Lendemains incertains pour les fruits confits
Les confiseurs ont-ils un avenir ? Pierre Lilamand ne cache pas son inquiétude : « J’ai peur qu’il y ait une fin programmée du métier. La transmission est délicate car il n’y a pas de recettes, rien n’est figé et nous travaillons dans un empirisme permanent. Le danger pointe à chaque étape, de l’achat des fruits au confisage, les tours de main, les cuissons, si une étape rate, tout est perdu ». Les nouvelles phobies alimentaires, contre le sucre notamment, suscitent l’inquiétude : « Le grand danger est chez les industriels qui mettent du sucre partout, jusqu’aux plats cuisinés supposés être salés, c’est ça qu’il faut condamner !, s’agace Pierre. Nous, nous fabriquons un produit exceptionnel que l’on savoure, il ne faut pas se gaver »…

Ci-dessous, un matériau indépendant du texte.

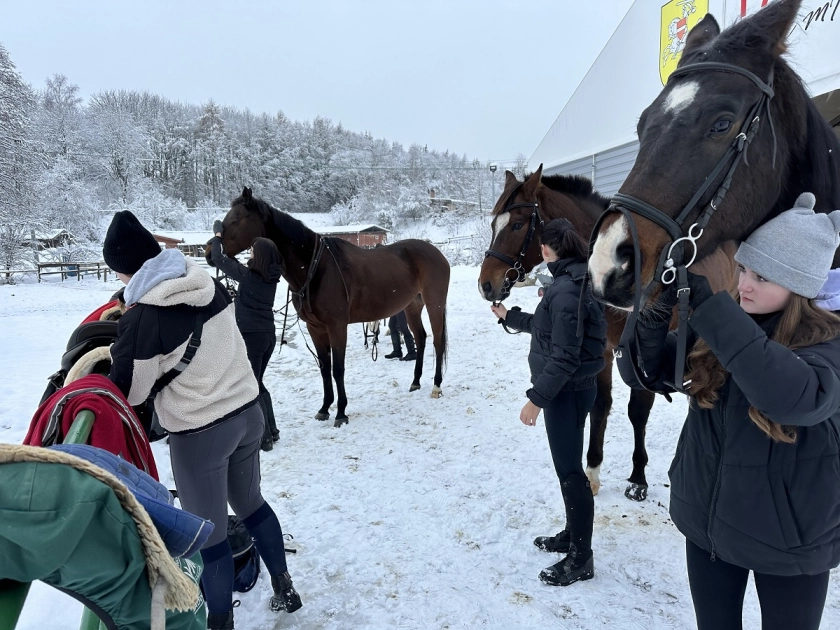 Ferie w Siodle - przygotowane przez Miejski Ośrodek Sportu i Rekreacji w Pasłęku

Lorsqu’il a pris la succession de son papa, Pierre Lilamand s’était donné 5 ans pour apporter sa pierre « et en 3 ans, j’en avais fait beaucoup plus que je ne l’avais pensé » dit-il. « Lorsque j’ai dit que je voulais poursuivre, mon père m’a dit : – Ne fais pas ça’ mais ça sonnait faux dans sa voix ». Pierre Lilamand s’est attaché à faciliter le métier en achetant des chariots de manutention, « parce qu’avant, on portait les bassines une à une à la main » mais sur le confisage, pratiquement rien n’a changé au fil des siècles. Quant à ses enfants Romain et Lola, respectivement 17 ans et 23 ans, Pierre Lilamand ne veut « sourtout pas les forcer à quoi que ce soit. Je ne voudrais pas susciter chez eux un rejet »… Comme le fit jadis son père.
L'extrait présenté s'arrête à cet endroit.